Literatur und Theater in der Krise: Wenn Kultur Müll ist

Auf Bühnen und in Büchern findet das Bildungsbürgertum schon lange nicht mehr das, was es früher erwartete. Verhunzung ist zum Prinzip erhoben worden. Über die Krise der Künste im Zeitalter von Events und Happenings. Ein Essay.

Hand aufs Herz – könnten Sie aus dem vergangenen Vierteljahrhundert ein Gemälde, eine Skulptur, ein Musikstück der E-Klasse, ein Gedicht oder ein Drama nennen, dessen Verschwinden Sie als schmerzlichen Verlust empfinden würden? Vielleicht ein paar Theaterstücke oder den einen oder anderen Roman, vermutlich nicht viel mehr. In dem Vierteljahrhundert davor sieht es schon besser aus: Paul Celan, Ingeborg Bachmann, Frisch und Dürrenmatt, die „Blechtrommel“ und die Großen des Auslands wie Beckett, um nur einige aus der Literatur zu nennen.

Kultur ist das, was übrig bleibt

Aber Musik und bildende Kunst? Viel Avantgarde, doch wenig, was auf CD oder Kunstdruckpapier in bürgerliche Haushalte gelangte. Ganz anders die erste Hälfte des Jahrhunderts. Sie ist übervoll von Hochkarätigem: Richard Strauss, Strawinsky, Schönberg, Hindemith, Picasso, Paul Klee, die Expressionisten, das Bauhaus, Thomas Mann, Kafka, Joyce, Rilke, Benn und Brecht: die Liste ließe sich um ein Vielfaches verlängern. Was ist der Grund für dieses Ungleichgewicht? Hat der Krieg den kulturellen Boden so vergiftet, dass nichts Großes mehr darauf gedeiht? Was ist überhaupt Kultur?

Wenn man den Begriff auf die zurückliegende Menschheitsgeschichte anwendet, ist die Antwort einfach: Kultur ist zuerst einmal das, was übrig geblieben ist, denn nur das kennen wir.
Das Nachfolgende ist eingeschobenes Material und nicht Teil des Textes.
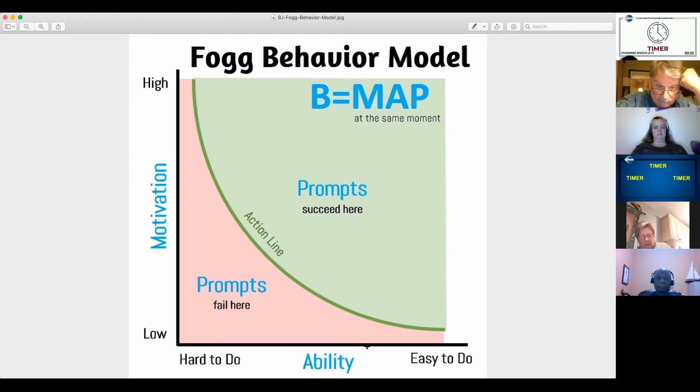Let's take an example. Let's say we want someone to donate to the Red Cross. If they have high motivation and it's easy to do, they're going to donate — the Red Cross is going to get that donation. But if motivation is low and it's hard to do, it's going to be hard to get money out of a turnip for the Red Cross — they'll be down in this corner of the graph.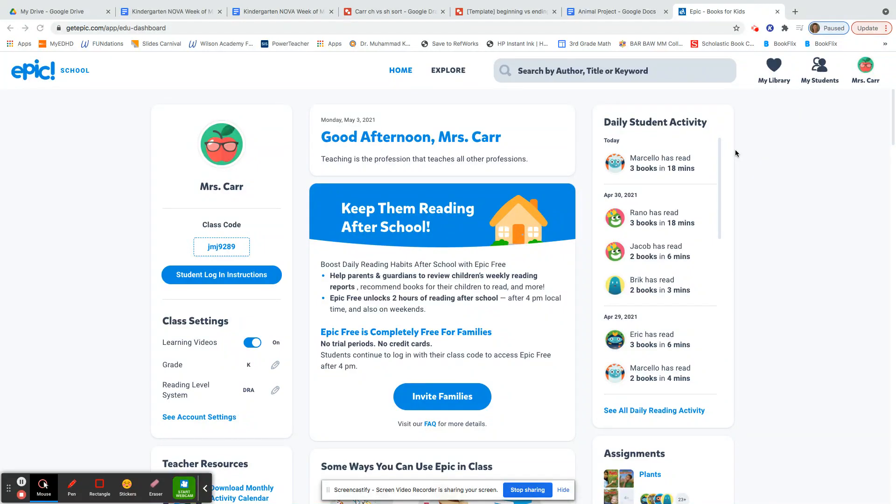Hi boys and girls! I am so excited for your animal research projects for the end of our kindergarten school year. So if you would like to research the animal that you selected on EPIC, here's what you need to do.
Macht man das zum Kriterium, stellt sich die Frage, was von unserer eigenen Kultur übrig bleiben wird. Da wir in einer Konsumgesellschaft leben, die fast alles, was sie produziert, früher oder später durch Konsum vernichtet, wird von uns vor allem Müll zurückbleiben. Nicht vermüllbar sind nur wissenschaftliche Erkenntnisse, denn die werden von der Wissenschaft der nachfolgenden Generation absorbiert. Unser ökonomisches System ist so organisiert, dass wir die Welt durch Arbeit in Produkte und Entgelte zerlegen. Wenn die Entgelte nicht als Kaufkraft zur konsumptiven Vernichtung der Produkte eingesetzt werden, kommt der Produktionsprozess irgendwann zum Erliegen.

Es gibt aber auch heute noch Produkte, die nicht konsumiert, sondern dauerhaft aufbewahrt werden. Das sind neben Objekten, die mit privaten oder religiösen Emotionen besetzt sind, vor allem Kunstwerke. Deren Produktion setzt eine entsprechende Nachfrage voraus. Die scheint aber nur noch in kleinen Kreisen von Kennern zu existieren. In der bildenden Kunst sind es vor allem Sammler, denen es nicht selten mehr um den ökonomischen als den künstlerischen Wert geht. Da das Sammelwürdige immer nur die Spitze einer Wertpyramide darstellt, müssen auch Käufer da sein, die die Produkte der Basis erwerben. Sie sind eine aussterbende Spezies. Das Gleiche gilt für Musik und Dichtung. Auch hier ist die Kundschaft eine kleiner werdende Spitzengruppe. Man nennt sie „Bildungsbürgertum“, ein Wort, in dem oft mehr oder weniger Verachtung mitschwingt.

Der Titelheld bei „Macbeth“ wird von einer Frau gespielt, vorzugsweise nackt

Der Begriff „bürgerlich“ ist ein Popanz, auf den die einen eindreschen, während die anderen ihn zum Fetisch machen. Dabei sollte sich in einer Demokratie doch eigentlich jeder als Bürger verstehen. Das so genannte Bildungsbürgertum ist eine Bevölkerungsgruppe, die an etwas festzuhalten versucht, was Jahrhunderte lang einen gesellschaftlichen Wert darstellte, nämlich Kultur als Produktion und Pflege von nichtkonsumierbaren Gütern mit Ewigkeitswert.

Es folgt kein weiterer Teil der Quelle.